A few months have passed by and she recently contacted me for help in the next phase of the project.  She wanted some help in turning the garden into a garden.  I am not a professional gardener but I was intrigued by the prospect of working with her on this. 

It will be a very unconventional situation.  Despite the fact that we meet at canine events, we live many miles from each other, so photos, email and phone conversations will be the methods of communication.  I won’t be giving her a design to work to, but what we will do is discuss her issues and I’ll make some suggestions to help her on the way.  It will be totally her garden, I will just ask the questions to help her make the decisions that are right for her.

With Debbie’s agreement, I will document the process in this blog.  Hopefully it will provide some ideas to others.

I like it when my compost bin is full – it feels like the garden’s way of telling me that it has had enough cutting back for a while.

I used to have two wooden compost bins but found it took so long to turn my green waste into compost. This was basically because it was just too much work to continually empty it to turn it. I would think over the seven years that I had the bins, I got about a bag’s worth of compost out of them. So when the wood finally rotted away, I had a decision to make.

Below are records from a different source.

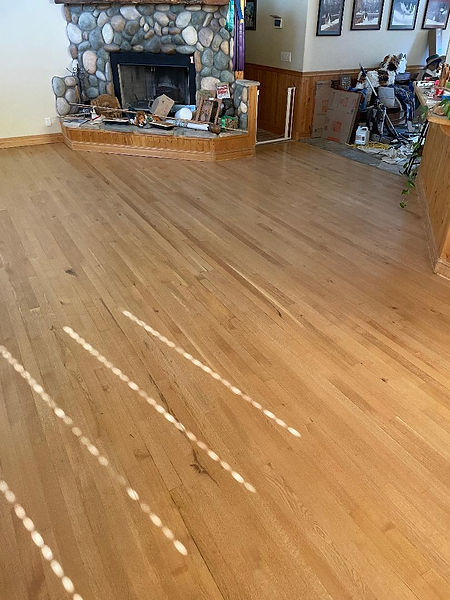 Remodeling project showing a deep wood floor restoration and surface prep on classic wood planks to repair scratches and wear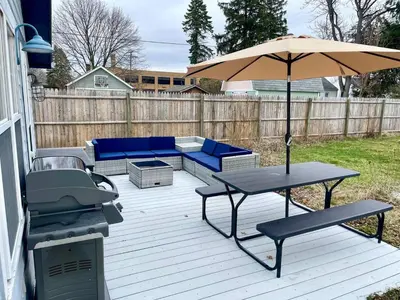 a patio with a table and an umbrella at Coastal Cape Cod w/ King Bed, Game Room, & Bikes! in Vermilion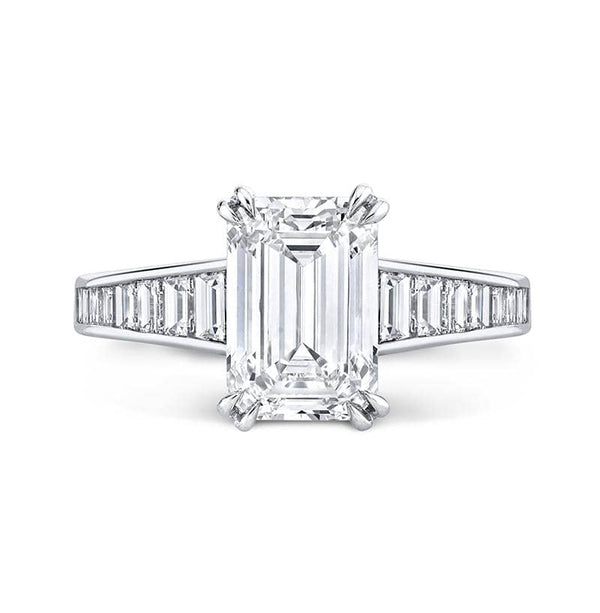 Emerald Cut Diamond RingCustom hand crafted ring featuring a 3.18 carat emerald cut diamond center with .84 carats total weight in baguette cut accent diamonds and .12 carats total round brilliant cut diamonds set in platinum.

My inital thought was to pay for the green waste bags that the council supply. It just seemed the easy solution. All we had to do was remember to put the bags out for collection once every two weeks. Fortunatley we live in a cul-de-sac and the lorry always came at lunch time. On a number of occassions, we suddenly remembered what day it was when we saw the lorry pass by as we ate our lunch. There was then a mad dash to put the bag out before the lorry had time to turn around and come past again.

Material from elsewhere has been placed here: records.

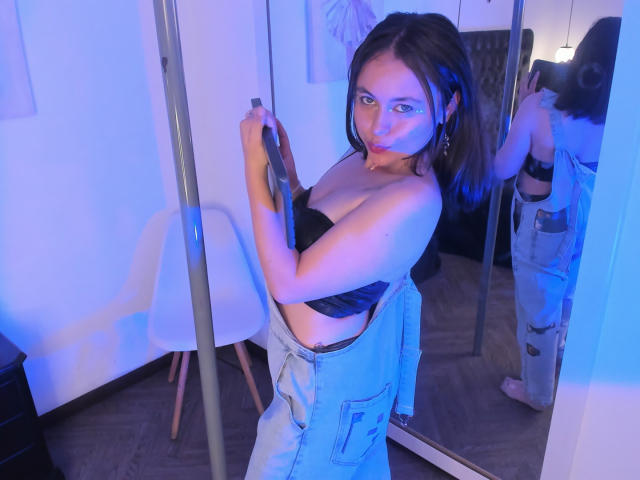 Iniridax with medium tits, black strapless top, blue jeans, holding a pole, reflected in mirror, blue lighting, brown hair, earrings, standing in a room with a chair.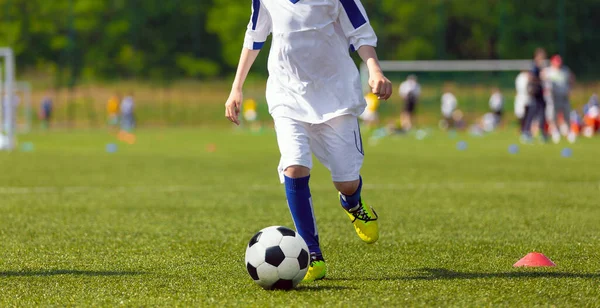 芝生の上でサッカーボールで走るスポーティキッド スポーツ水平背景 — ストック写真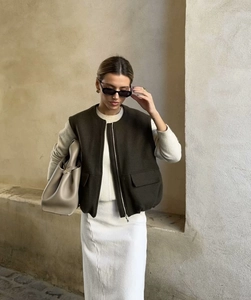 Detail of a dark olive zip-up wool vest paired with a cream outfit and bucket bag
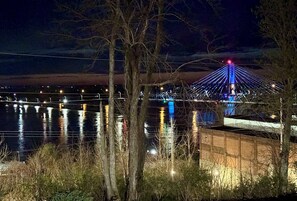 Une vue nocturne d’un pont dont les câbles sont illuminés, avec une étendue d’eau au premier plan et des arbres.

I used the green bags for a couple of years, even investing in a second bag as I had so much to come out of the garden, especially at peak periods such as the end of summer. But all the while I did this, the thought that I was paying to throw away something valuable just niggled and niggled at me. I suppose part of the problem was knowing (from my perspective) how much hard work composting was.

Eventually, earlier this year, I decided to invest in a tumbling composter. Turning was going to be easy :). They promised you could make compost in two weeks (in ideal cirumstances). Well, I’m not in a position to hold enough material to always empty it and then fill it again, but I could manage to make sure that everything that goes into it has been through my shredder and turning it is a lovely quick job – just six revolutions a day – well, every day I remember. I have already had bags of compost out of it. It can be a bit of a pain sieving out the bits that haven’t composted enough yet, but a lot of that is because initially I wasn’t strict enough with myself about ensuring that everything had been through the shredder. I have learnt my lesson.

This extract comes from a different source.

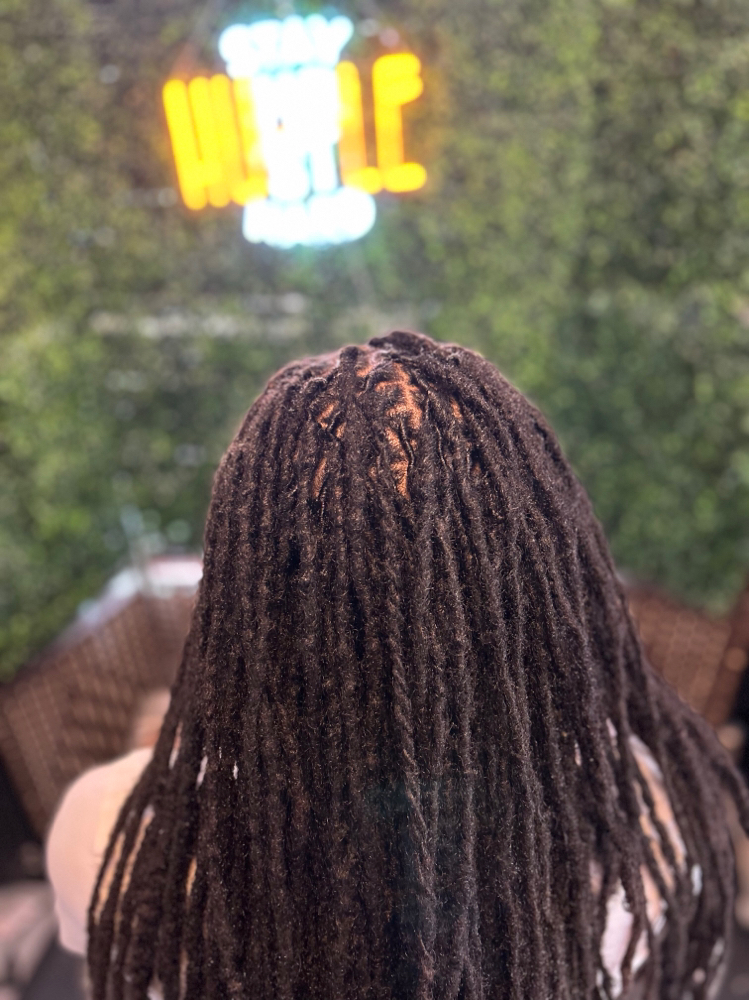 Loc Retwist at Ja’Tae Style Studio LLC in Euclid, OH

I really enjoy the shredding part of the job. It is strangely satisfying to see a huge mound of green waste turn into a much smaller mound of shreddings. The other thing is that I am constantly amazed by the dogs when I shred. The shredder lives in the garage and some time ago we decided to teach the dogs that they couldn’t come into the garage because there are tools and chemicals in there that could be dangerous to them. So now the dogs stay at the open door of the garage watching me work and waiting for me to come out and play with them.

On one of my journeys between the shredder and compost bin tonight, I found that Ruby had brought a toy outside. Normally she is very good and understands that her toys live inside, but today the ragger was obviously in need of a trip out doors. When I asked her to pick it up, she showed what a good gundog she is and immediately did so. She took it indoors as asked, but then wanted to come out again with it still in her mouth. She thought I wanted her rather than the toy inside. Thankfully after me removing the toy from her mouth a couple of times and gently laying it on the floor and inviting her outside she eventually got the message and was parted from her toy – until we all came indoors again.

Now, all I have to do is wait for a couple of weeks and then I will have some more compost and the process can start all over again :).